Pertama, kita harus memasuki sebuah lingkungan yang didalamnya terdapat budaya saling mengingatkan, saling menasihati, saling memberikan masukan dalam membaca dan menelaah Al-Quran. Ketika kita memasuki lingkungan yang didalamnya saling nasihat menasihati, saling memantau, maka semangat kita untuk berinteraksi dengan Al-Quran akan senantiasa terjaga.
Kedua, libatkan unsur fisik, akal, dan hati. Al-Quran adalah pembimbing bagi jasad, akal, dan qalbu. Karena itu, saat kita membaca Al-Quran, qalbu senantiasa menyakini bahwa yang saya baca adalah firman Dzat Yang MahaTinggi. Akal senantiasa bekerja untuk menghubungkan apa yang kita baca dengan perilaku keseharian. Jasad pun diupayakan langsung bereaksi dengan mengaplikasikan apa yang dibaca dalam kehidupan.

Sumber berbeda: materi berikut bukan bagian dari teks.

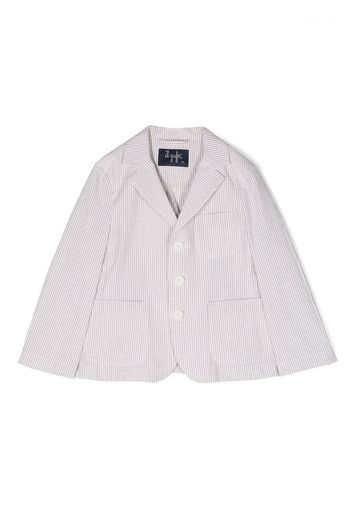 Il Gufo stripe-pattern cotton blazer - Neutrals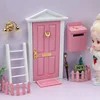 Miniature Wood Elf Door Tooth Fairy Door Mini House Accessories Pretend Play Toy Gift for Kids Furniture Simulation Miniatures 3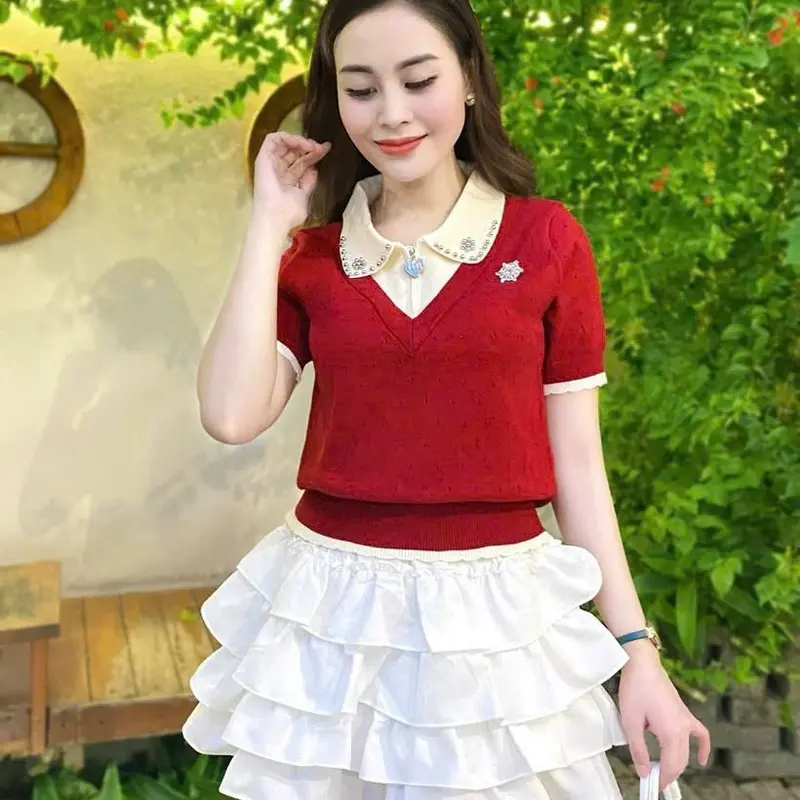 Áo len mongtori cổ kẻ khoá tim gồm 6 màu,phom vừa Top Nữ 3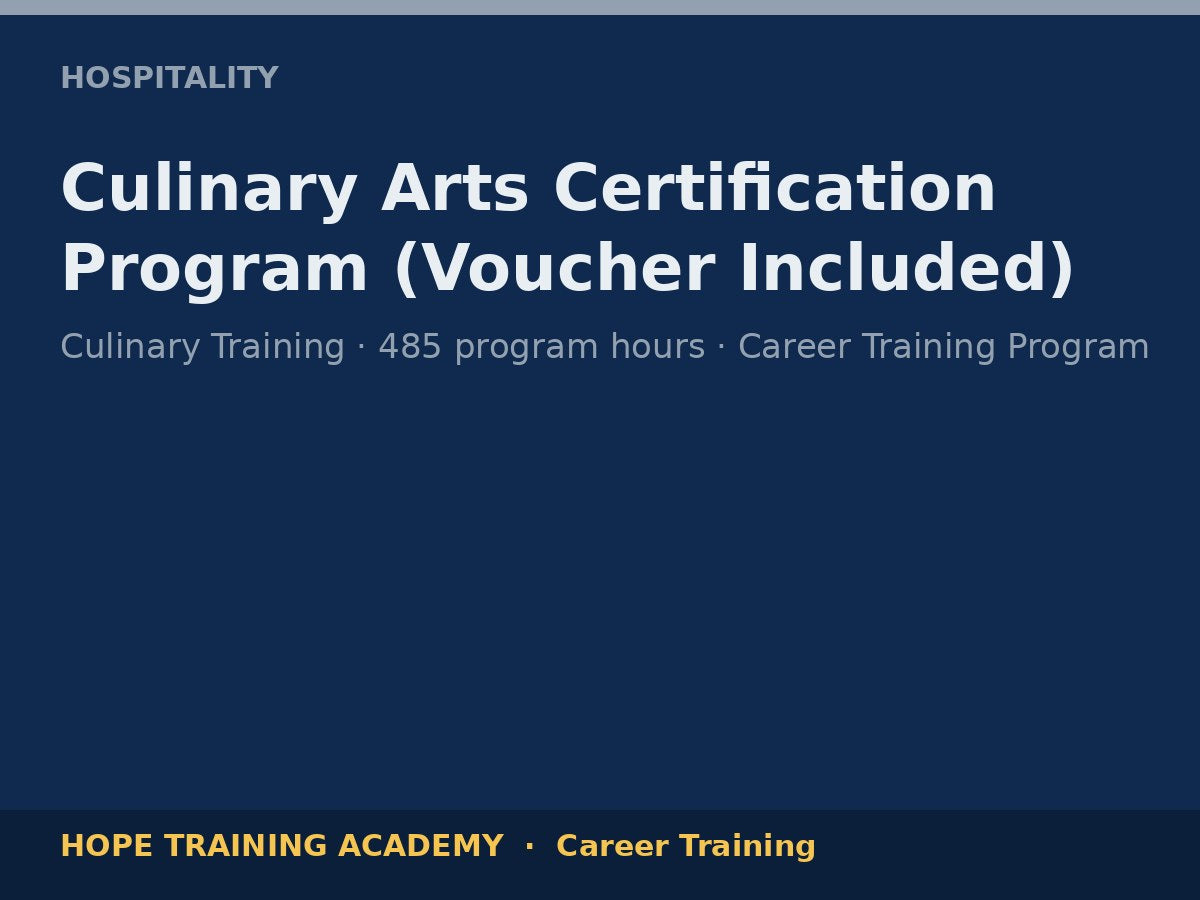 Culinary Arts Certification Program (Voucher Included)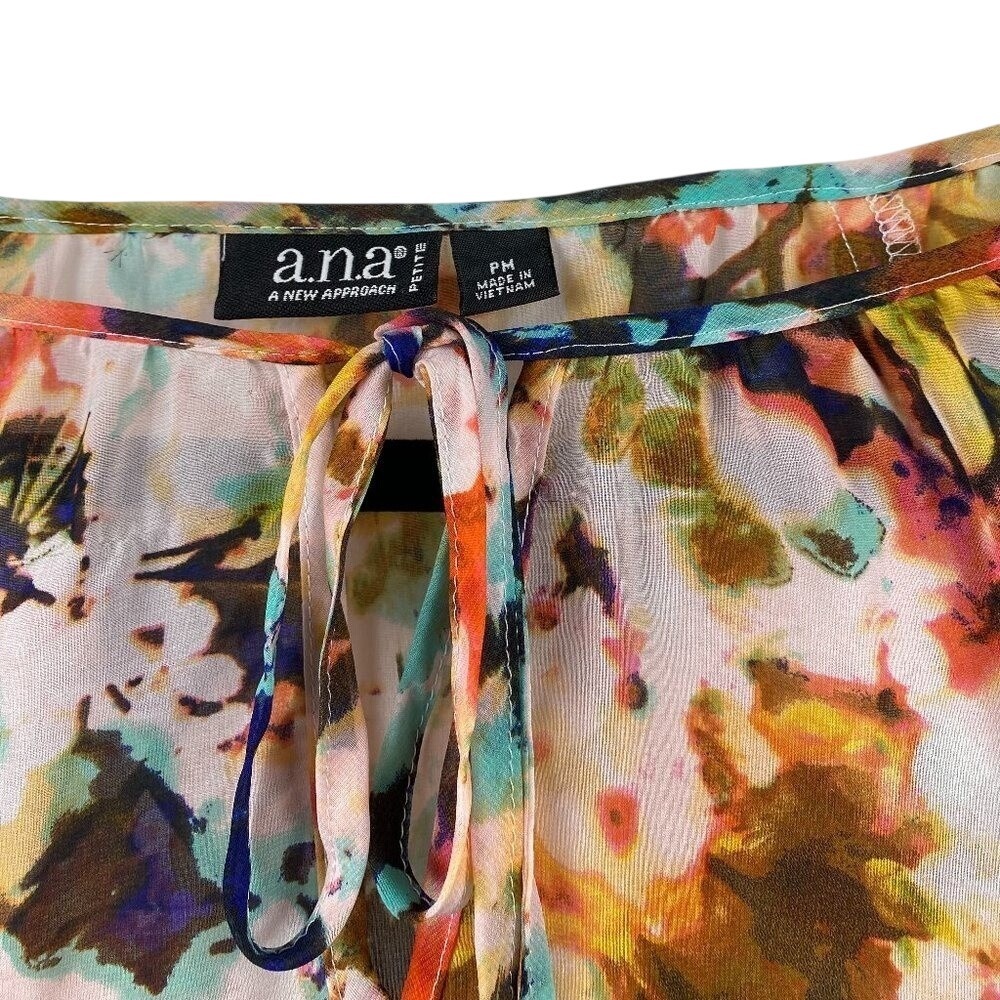 A.N.A FLORAL LONG SLEEVE BLOUSE SHIRT - Picture 2 of 4
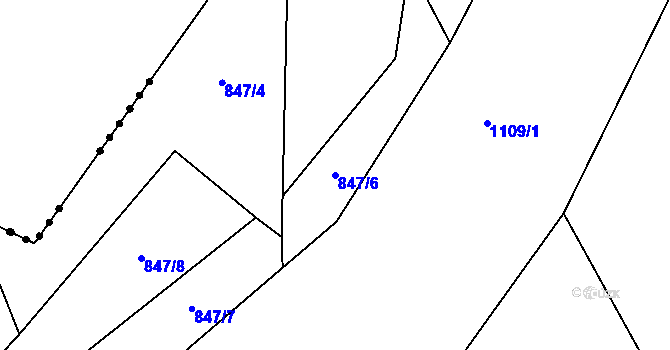 Parcela st. 847/6 v KÚ Vinaře, Katastrální mapa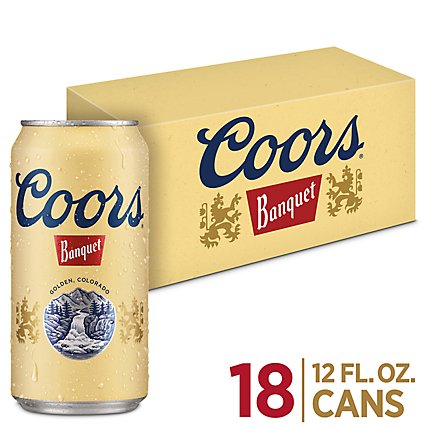 Coors Banquet Lager Beer 5% ABV Cans - 18-12 Oz - Image 1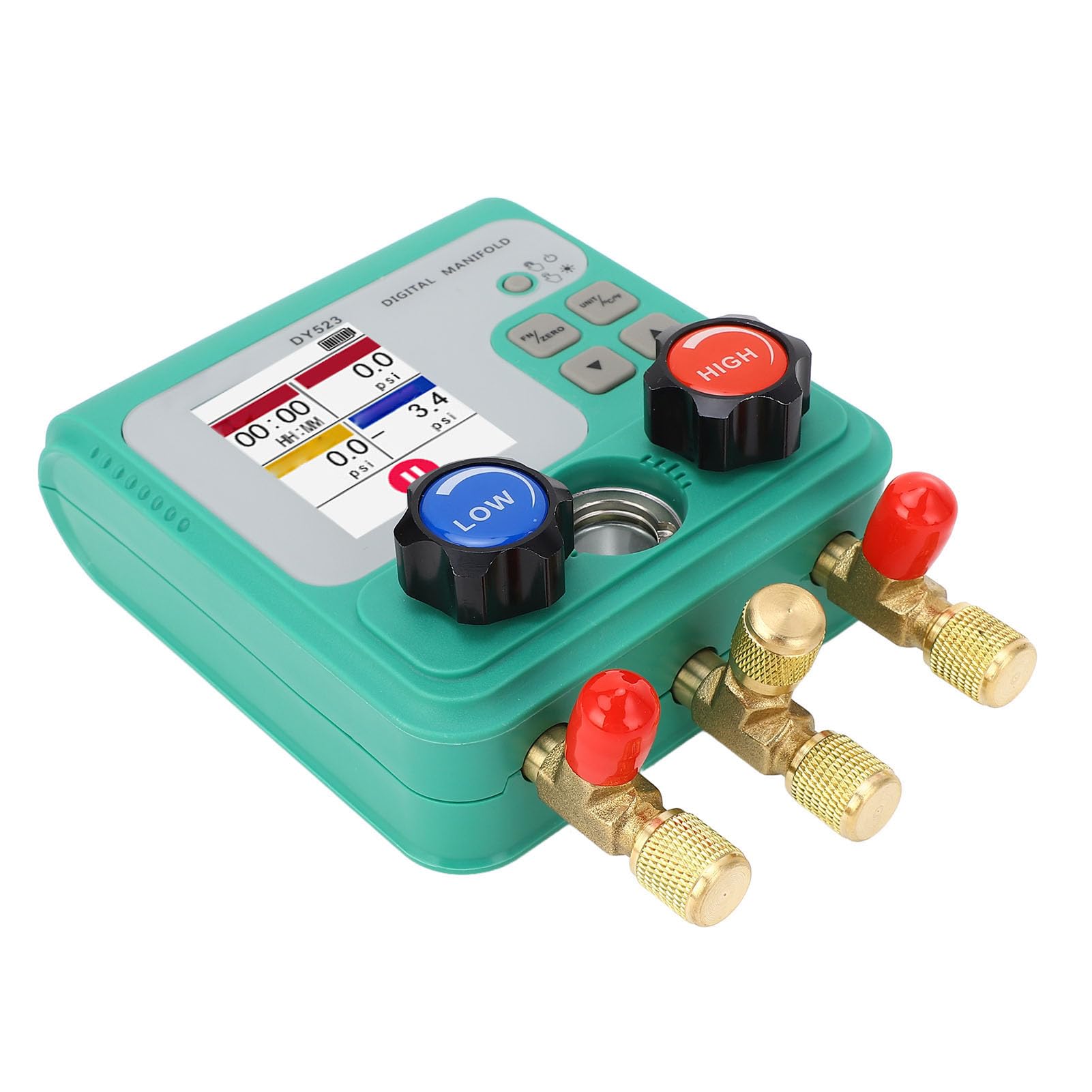 AMONIDA Manómetro de Colector Digital de Alta Precisión para Reparación de HVAC y Aire Acondicionado de Automóviles, Probador de Presión de Vacío con Unidades de Medición Múltiples, 0-6000 Kpa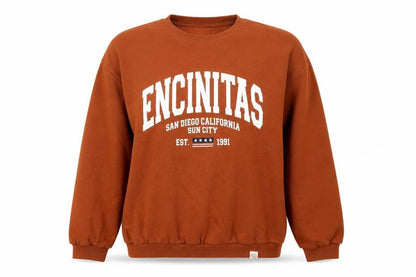 Front view of Pacific Republic Brown unisex sweatshirt, size 12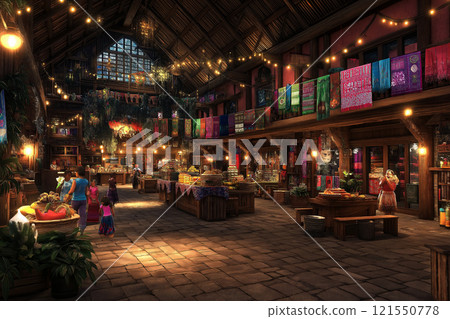 Colorful farmer's market showcasing sustainable and organic products at sunset. Generative AI 121550778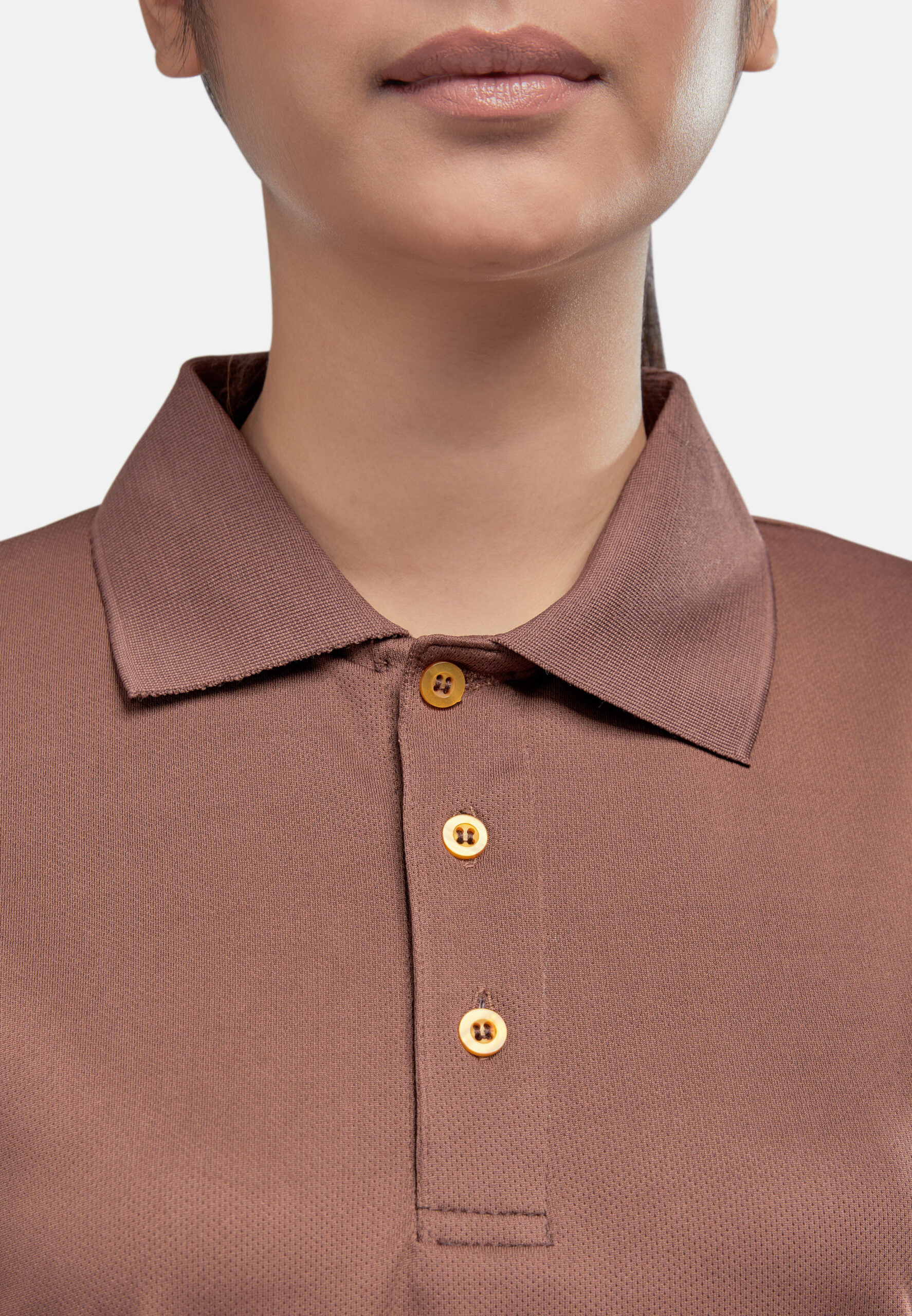 AIRtec Quick Dry Polo- Microfiber Mini Mesh-Dark Brown (P-703-34) - Image 5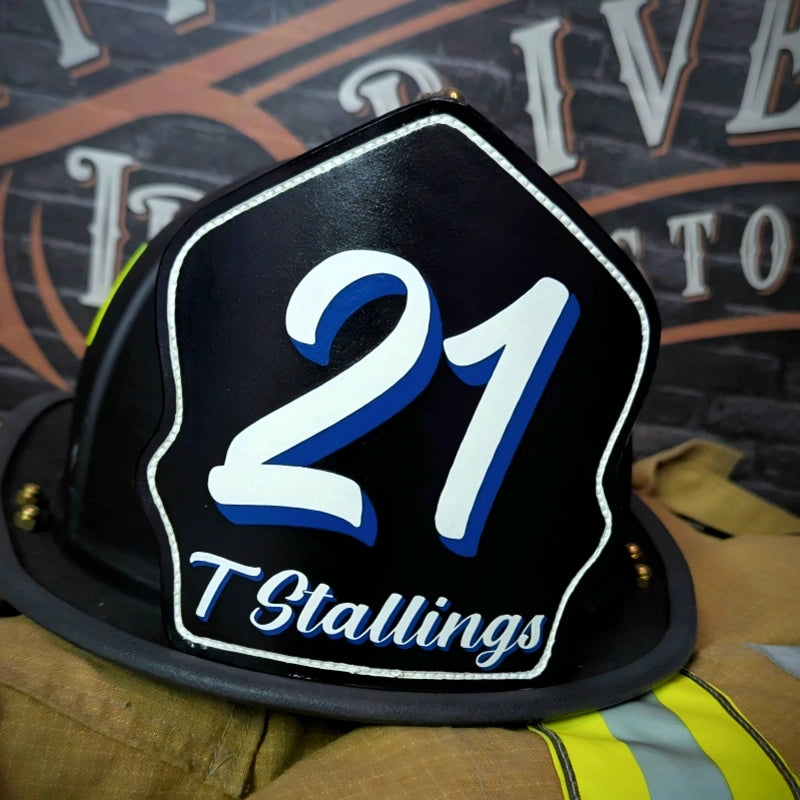 fire helmet shield shown with a structured firefighter layout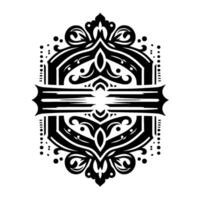 Ornate Black White Decorative Element on White Background vector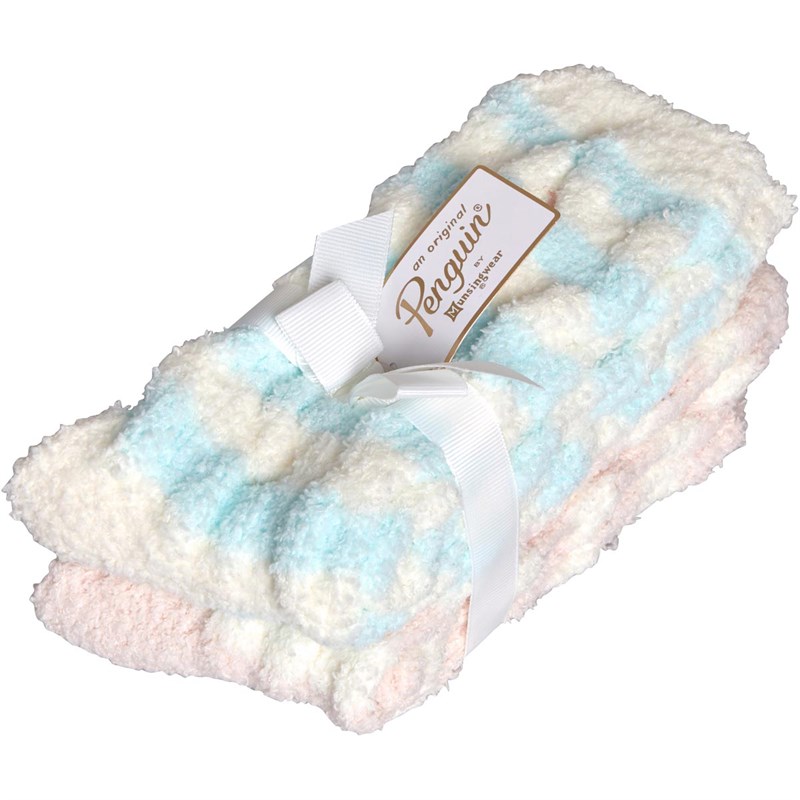 Original Penguin Womens Two Pack Cosy Stripe Socks Cream Blue Pink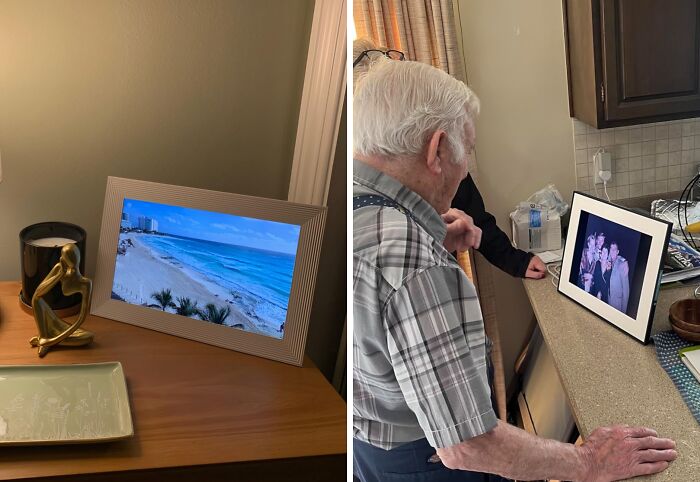 Turn Dad’s Forgotten Phone Photos Into A Moving Memory Show With This Digital Photo Frame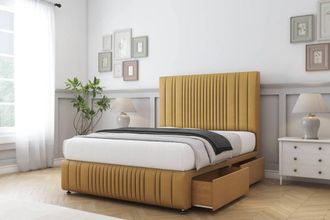 Comfort Beds The Foxy Plush Divan Base 2 Drawers - 54 Headboard-Footboard in Mustard | Size: Super King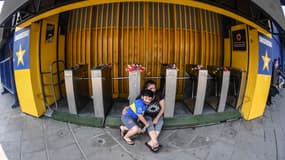 L'entrée du stade de la Bombonera à Buenos Aires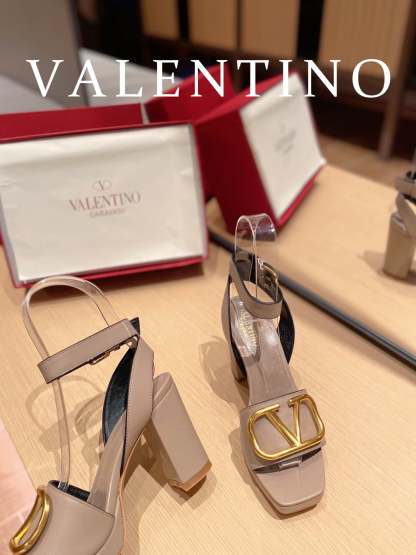 Valentino Garavani Strap Heeled Sandals With V Logo Signature Embellishment Beige For Women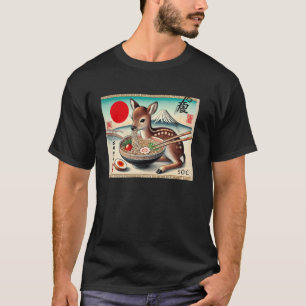 Camiseta Atardecer Japonés Monte Fuji Sello Postal Ciervo R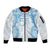 Bula Fiji Day 55th Anniversary Masi Tapa Sleeve Zip Bomber Jacket Emerald Jubilee - Turquoise - Polynesian Pride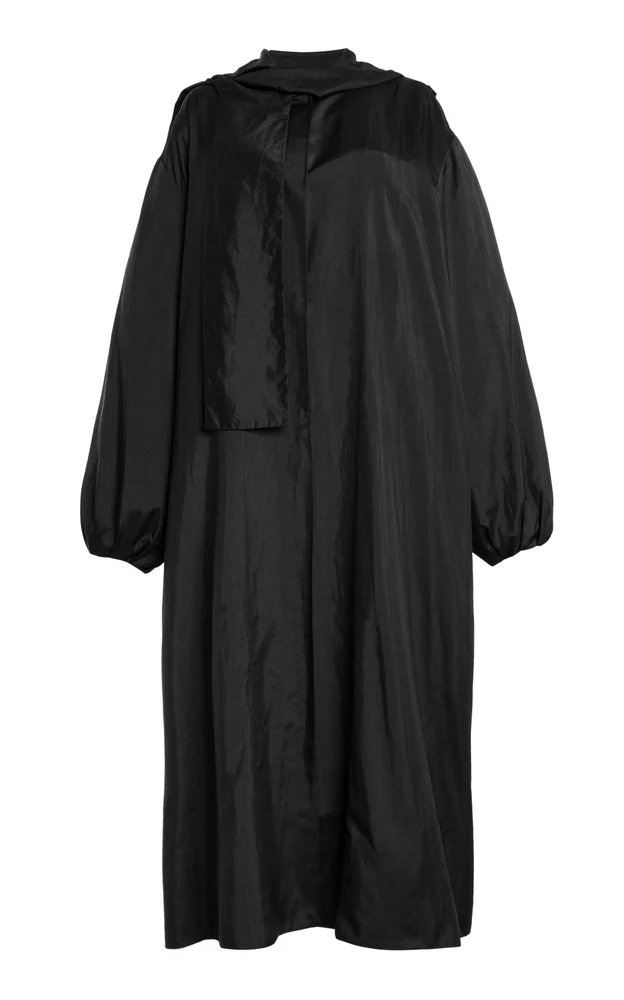 Hooded Scarf Silk Taffeta Coat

Ketiga, bila kita belum mampu memahami kalimat-kalimat dalam Al-Quran, paling tidak kita harus menanamkan keyakinan dalam diri bahwa apa yang kita baca ini mengandung perintah dan larangan. Sejauh mana kita melaksanakan perintahnya tersebut, serta sejauh mana kita menjauhi larangannya. Kita pun bisa merenungkan peringatan-peringatan yang ada dalam Al-Quran lalu menghubungkannya dengan aneka macam godaan di dunia. Al-Quran juga mengandung kabar gembira berupa kenikmatan yang abadi. Kita bisa menghubungkannya dengan kenikmatan-kenikmatan hidup yang ada sekarang ini, sehingga kita tak tergiur dengan kenikmatan sesaat di dunia, dan melupakan kenikmatan yang abadi di akhirat kelak
Ini adalah salah satu jalan agar kita bisa menjiwai Al-Qur'an. Sekiranya belum tercapai, maka yakinilah bahwa kita sedang terkena musibah besar. Jika kita merasa terkena musibah besar, maka kita akan berusaha keluar dari musibah tersebut. Bukankah manusia itu senang hidup bahagia dan takut sengsara dan bencana?